Rogers et Shaw ont consenti ce printemps à vendre Freedom Mobile pour convaincre les autorités réglementaires d’approuver l’acquisition de Shaw par Rogers, une transaction évaluée à 26 milliards de dollars (incluant la dette).

Adam Shine dit être en désaccord avec le Bureau de la concurrence qui a réitéré, la semaine dernière, son opposition au mariage de Shaw avec Rogers en affirmant que la vente de Freedom Mobile ne serait pas une solution efficace et que ça affaiblirait Freedom en tant que concurrent.

Son collègue Jérôme Dubreuil, chez Valeurs mobilières Desjardins, ajoute de son côté que l’accord entourant Freedom permet à Québecor de « récolter un fruit mûr » et d’élargir ses horizons à un prix « raisonnable » tout en augmentant les probabilités de réalisation de la fusion de Rogers avec Shaw.

La feuille de route, le bilan, l’expertise et les actifs de Québecor sont tous des éléments qui rendent de plus en plus difficile pour le régulateur d’affirmer que l’environnement concurrentiel sera substantiellement affecté par une fusion de Rogers avec Shaw.

Jérôme Dubreuil

« Il est difficile de prédire le prochain geste posé par le Bureau de la concurrence, mais le régulateur est incité à régler le dossier rapidement afin que Québecor puisse concurrencer de façon efficace aussitôt que possible », ajoute-t-il.

Réaction positive

Cet analyste s’attend lui aussi à une réaction positive des investisseurs lundi. « Bien que le marché avait jusqu’ici semblé de façon générale être défavorable à une acquisition de Freedom par Québecor, la transaction avait du sens à un certain prix. » Et à 2,85 milliards, Québecor réalise une transaction à un prix attrayant, selon lui. Il avait précédemment évalué les actifs de Shaw dans le sans-fil à plus de 4 milliards.

Jérôme Dubreuil précise cependant que les dirigeants de Québecor devront fournir davantage de précisions entourant la stratégie et les attentes financières pour bien rassurer les investisseurs et permettre à l’action de Québecor de réellement diminuer l’escompte d’évaluation actuellement observé sur le titre.

Le démarrage des activités sans fil à l’extérieur du Québec comporte, entre autres, des risques financiers.

Jérôme Dubreuil croit notamment que Québecor pourrait ralentir le rythme de ses rachats d’actions et de la croissance de son dividende.

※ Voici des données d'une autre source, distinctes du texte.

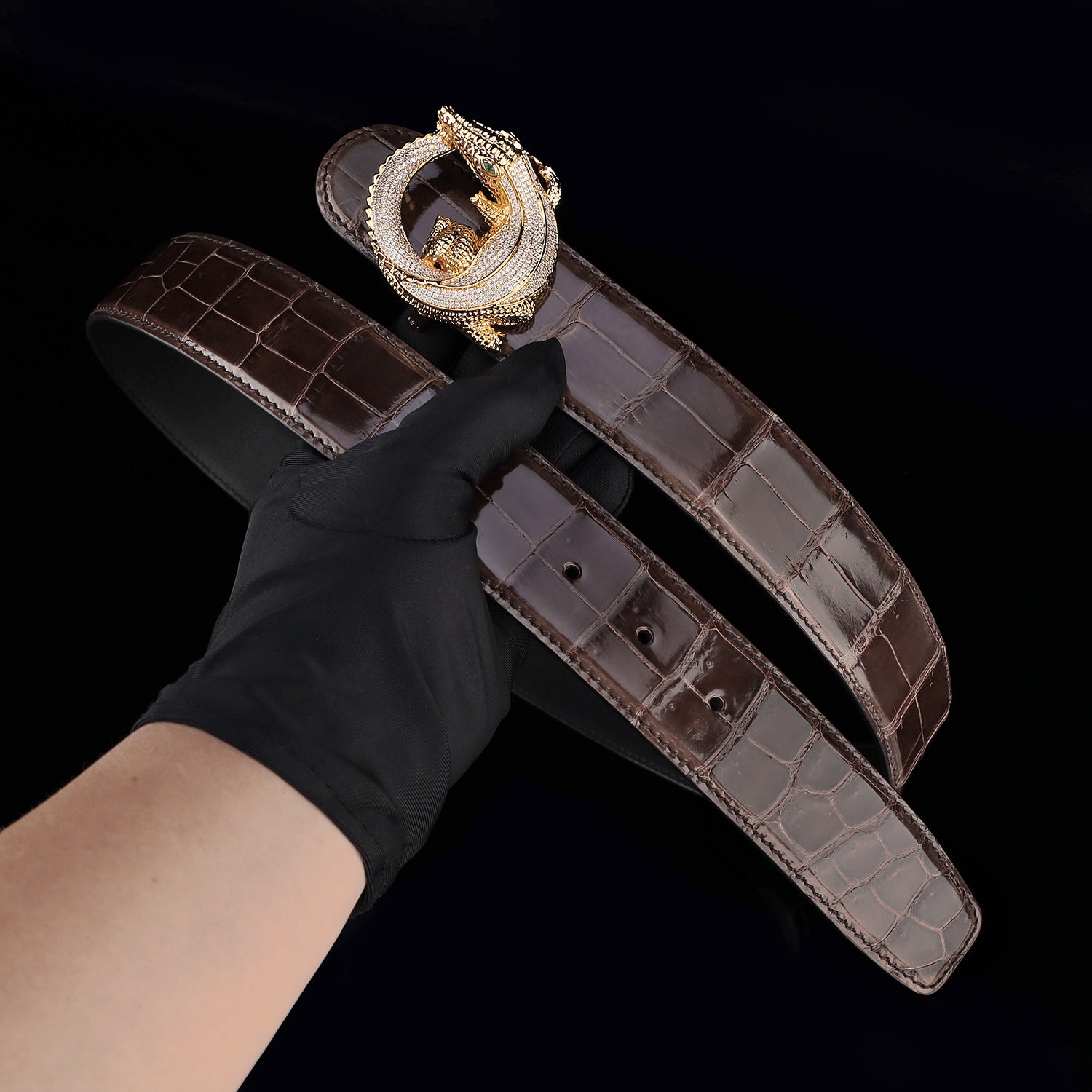 BELTLEY Espresso Brown Glossy Nile Crocodile Belt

« Shaw a ralenti significativement ses dépenses en capital depuis l’annonce de sa fusion avec Rogers, et Québecor aura du rattrapage à faire au niveau des investissements en sans-fil. » Il estime que Québecor devra investir 200 millions simplement en dépenses de rattrapage au cours des trois premières années suivant la transaction.

Jérôme Dubreuil s’attend par ailleurs à ce que l’intensité concurrentielle augmente — autrement dit, à une pression sur les prix – dans le marché du sans-fil, une fois que la fusion sera complétée.

Un règlement de la poursuite de 850 millions intentée l’automne dernier par Québecor contre Rogers ne fait par ailleurs pas partie de l’entente pour Freedom Mobile. Adam Shine souligne par contre que les négociations amicales menant à un accord pour Freedom pourraient ouvrir la voie à un abandon par Québecor de cette démarche judiciaire que l’entreprise avait lancée en affirmant que Rogers avait « provoqué artificiellement une impasse » dans une entente conclue pour créer un réseau sans fil 4G LTE commun au Québec et dans la région d’Ottawa.

Ils sont maintenant 10 analystes sur 12 à recommander l’achat de l’action de Québecor.